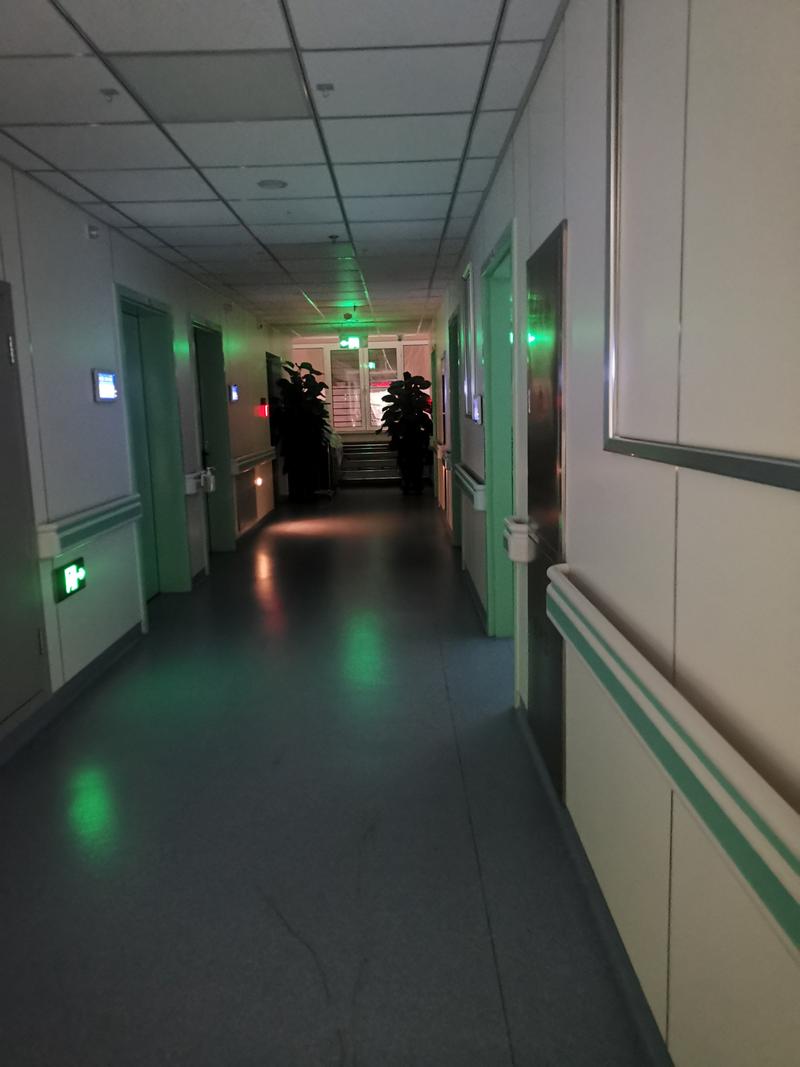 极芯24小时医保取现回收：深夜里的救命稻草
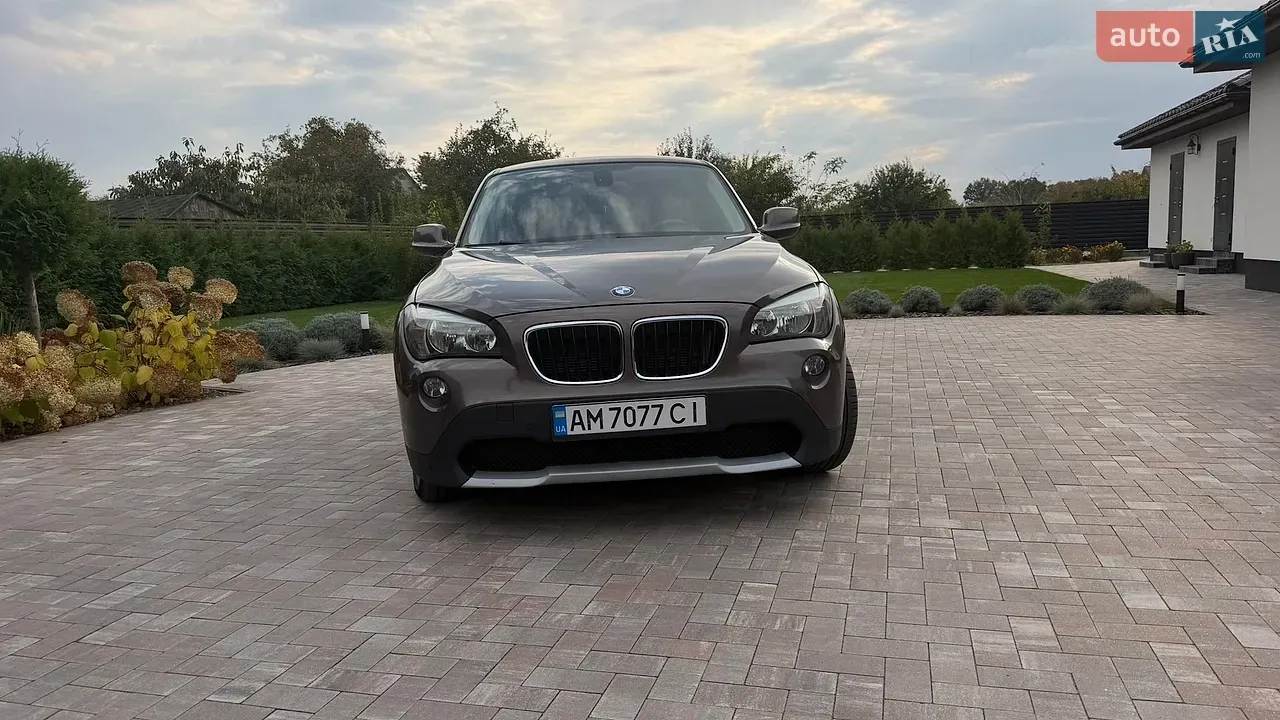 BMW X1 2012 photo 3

=-=-=

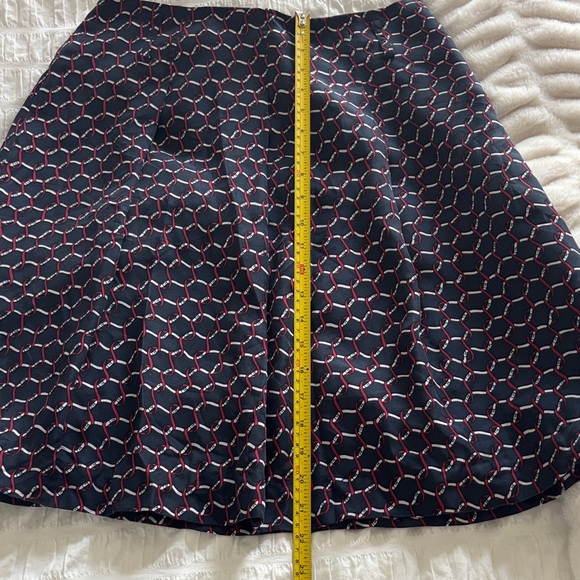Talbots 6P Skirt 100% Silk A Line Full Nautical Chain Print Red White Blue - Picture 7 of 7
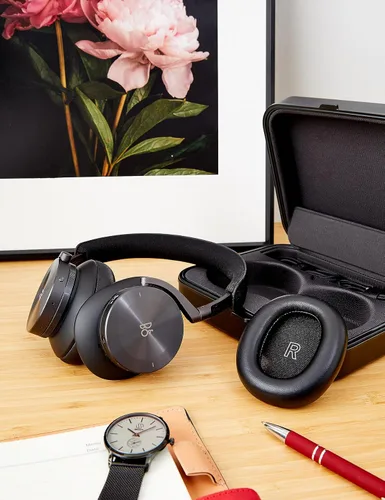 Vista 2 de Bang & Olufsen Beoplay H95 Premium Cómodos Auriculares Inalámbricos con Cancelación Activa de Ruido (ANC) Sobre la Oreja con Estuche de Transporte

=-=-=

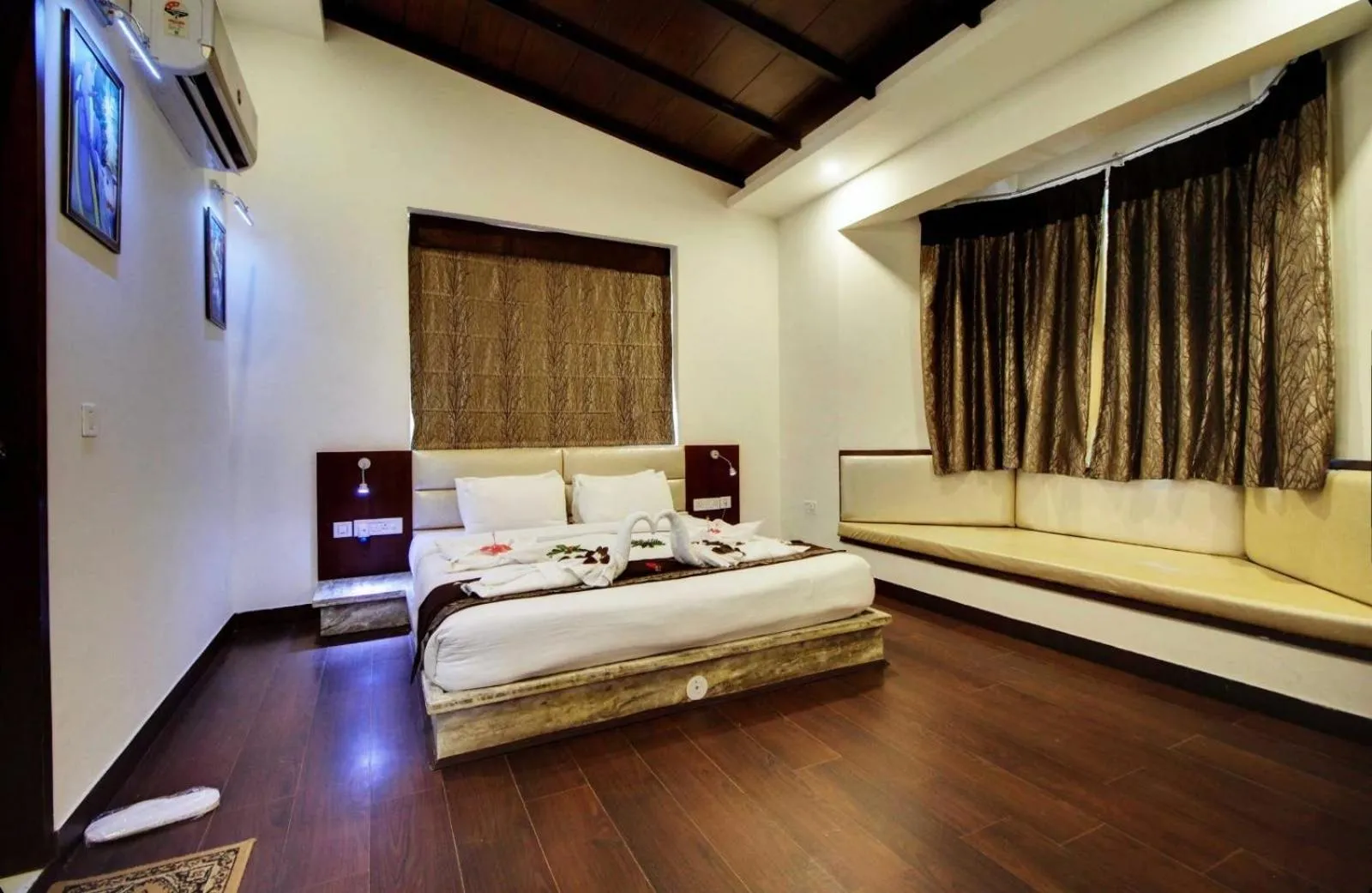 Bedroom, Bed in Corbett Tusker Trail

=-=-=

● WHAT IS REQUIRED: Find where the line with "Talbots 6P Skirt" sits in the material above and where the line with "Vista 2 de Bang" sits. Set down exactly the lines from the first to the second, both included and nothing else, without pictures.

● TASK SOLUTION:
Talbots 6P Skirt 100% Silk A Line Full Nautical Chain Print Red White Blue - Picture 7 of 7
 Vista 2 de Bang & Olufsen Beoplay H95 Premium Cómodos Auriculares Inalámbricos con Cancelación Activa de Ruido (ANC) Sobre la Oreja con Estuche de Transporte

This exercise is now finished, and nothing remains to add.